An blog by a member of the Catholic peace movement, Pax Christi, to explore the nexus between contemplation and resistance. "The Christian must discover in contemplation, and in the giving of his life, those symbolic actions which will ignite the people's faith to resist injustice with their whole lives, lives coming together as a united force of truth and thus releasing the liberating power of the God within them." - James Douglass, Contemplation and Resistance.

Saturday, March 08, 2008

Peace Takes Courage



"There remains an experience of incomparable value. We have for once learnt to see the great events of world history from below, from the perspective of the outcast, the suspects, the maltreated, the powerless, the oppressed, the reviled - in short, from the perspective of those who suffer. The important thing is that neither bitterness nor envy should have gnawed at the heart during this time, that we should have come to look with new eyes at matters great and small, sorrow and joy, strength and weakness, that our perception of generosity, humanity, justice and mercy should have become clearer, freer, less corruptible. We have to learn that personal suffering is a more effective key, a more rewarding principle for exploring the world in thought and action than personal good fortune." - Dietrich Bonhoeffer, Letters and Papers from Prison.

Very shortly, I hope, many of you will be involved in direct action against the Iraq occupation in Washington, D.C. The key principle for me is that we are outcasts not because we question justice, peace, humanity, and mercy, but because we live them. We are outcasts, out of the mainstream, because for us justice is supreme, not safety. We do not destroy whole buildings and everyone in them so that our little patrol won't be threatened, as is commonly done during battles in Iraq. It is not we who are the lawless ones, but those who elevate profit and "security", along with the security of profits, over every other value, human and divine.

Deep in our hearts we revere the law of humanity. We are not among the lawbreakers who currently rule this empire - therefore we are outcast. Their leader was well described in 2 Thessalonians:

"For the mystery of lawlessness is already at work; only he who now restrains will do so until he is taken out of the way. Then that lawless one will be revealed whom the Lord will slay with the breath of His mouth and bring to an end by the appearance of His coming; that is, the one whose coming is in accord with the activity of Satan, with all power and signs and false wonders, and with all the deception of wickedness for those who perish, because they did not receive the love of the truth so as to be saved. For this reason God will send upon them a deluding influence so that they will believe what is false, in order that they all may be judged who did not believe the truth, but took pleasure in wickedness." 2 Thessalonians 2:7-12

Our presence in Washington on March 19 can be the breath of God's mouth if we follow his law in our hearts, always living in the truth of nonviolence, acting towards our enemies with love, offering our own suffering, our own willingness to risk for peace in place of the violence offered by the powers that rule Washington, placing all hope not in our power, but the strength of he who overcame this world. St. Ambrose spoke well when he said, "All who wish to return to paradise must be tested by fire."

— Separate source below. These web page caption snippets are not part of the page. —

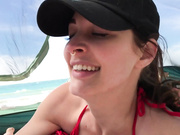 Public Beach Blowjob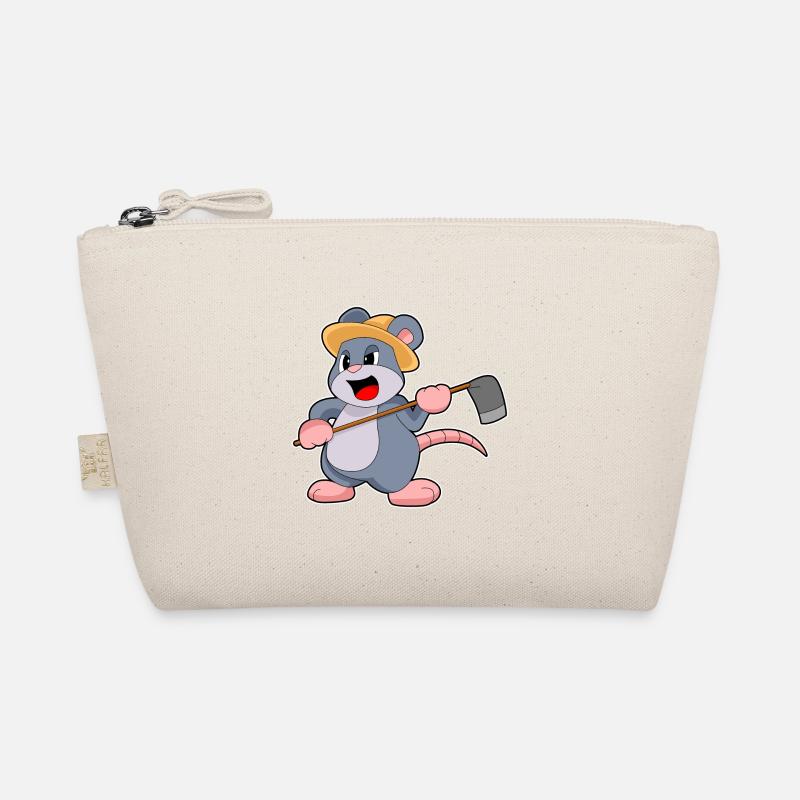 Mouse Farmer Rake Organic Pouch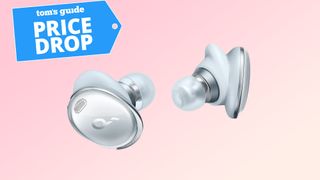 Image of Anker Soundcore Liberty 3 Pro earbuds during Black Friday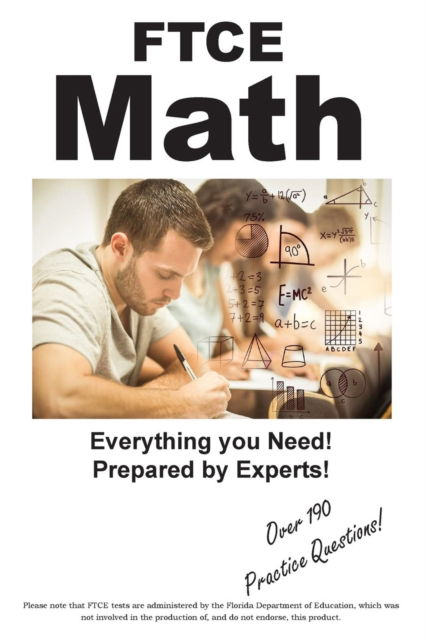 Cover for Complete Test Preparation Inc · FTCE Math (Paperback Book) (2017)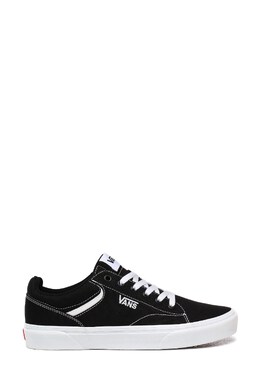 Vans: Чёрные кроссовки 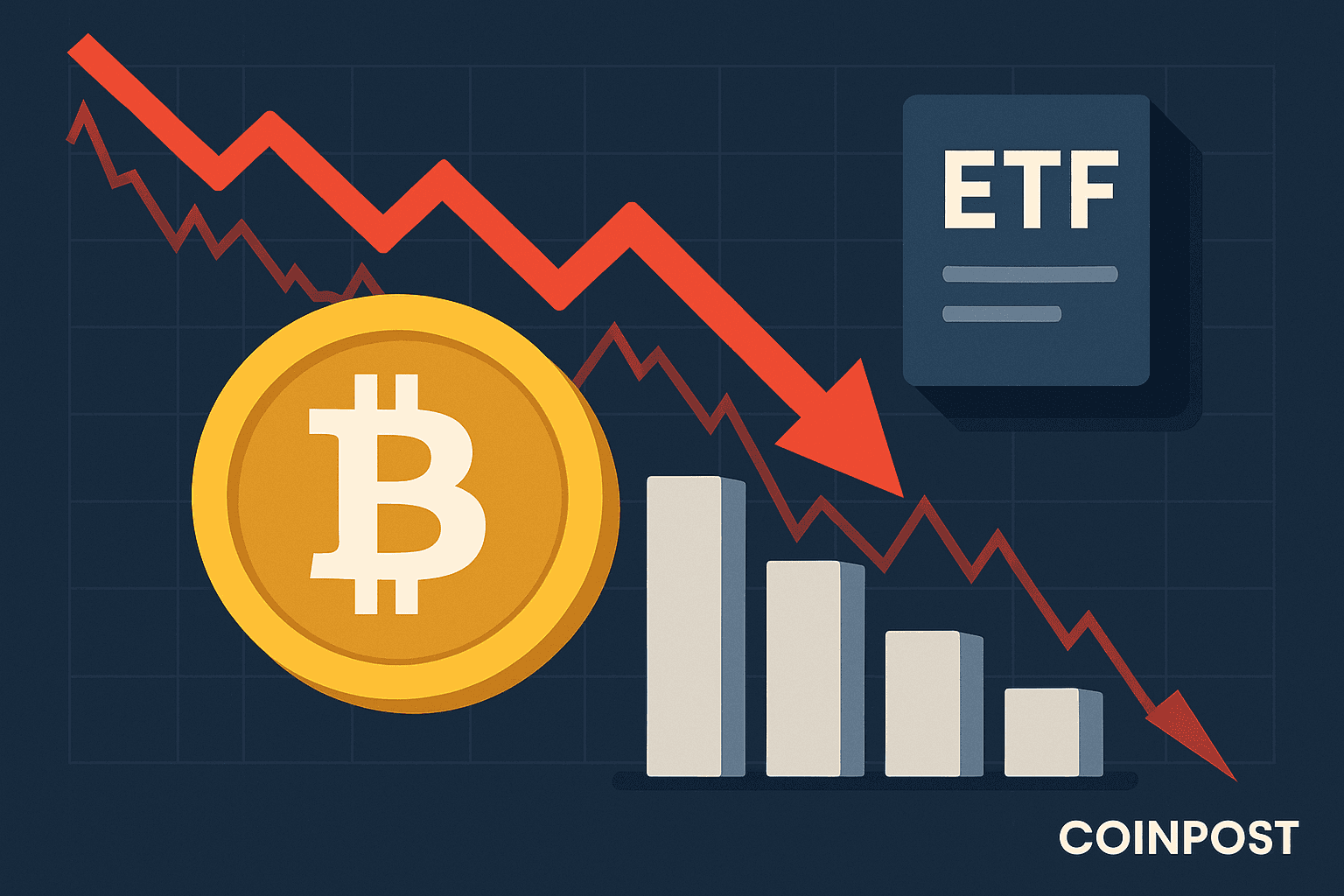 米国ビットコイン現物ETF、週次流入額は4億4,630万ドル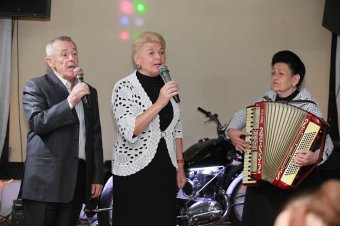 В Суворовском районе отметили День пожилых людей (фото)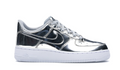 Force 1 Low Silver Chrome (W)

The fire of protest is also a struggle with temptation: temptation to pride, to violence in a good cause, to contempt that embitters the soul, to an overwhelming desire for success that allows devotion to law to be jettisoned, to envy of those in power, in short, to all that makes our protest less than a call to repentance. The purpose of protest is not simply to bring down evil structures, but to bear witness to the truth of justice, made visible and living in our action. Where conventionalism and false piety wear the borrowed rags of justice, our action brings the realities they desecrate alive once more. Such realities cannot be transmitted through technical media, but the spirit they make real is the embodiment of fundamental change.

Another temptation is to fail to think clearly about what the structure we are trying to undermine actually is. Our enemy is not some vague "Satan", "structures of societal oppression", and so on, but something disturbingly concrete, the economic power of capital which demands the forcible management of the economies of other states and peoples. In the well-wrought words of Carl Oglesby, "For us, peace finally exists when the world is finally safe for American businessmen to carry on their business everywhere, on terms as favorable as they can be made, in settings managed preferably by native middle-class governments, but if need be by oligarchic and repressive ones, by the old foreign grads of Fort Bragg, or if the panic hits in a pivotal place, by our own Marines." Carl Oglesby and Richard Shaull, Containment and Change, 1967, p. 65 - 66.

Clearly, the Iraq war was begun with these ideas as the driving force. The definition of "democracy" to be applied here is "unfettered freedom of corporate interests to maintain profit margins". Yet, as Christians, we do not conceive these interests in mere economic terms, but as spiritual forces, principalities, powers, and dominions, forces in high places. This means that it is also our responsibility to break the choke hold that consumerism has on our own lives. Each of us has his or her own piece of the chain that wraps our world in its grip and each of us can break his or her part of that chain.

Love must discover a way to free the world from the ring of military bases that enforce U.S. hegemony. We must be conduits for the force of the Holy Spirit, the spirit of justice that can break the ring.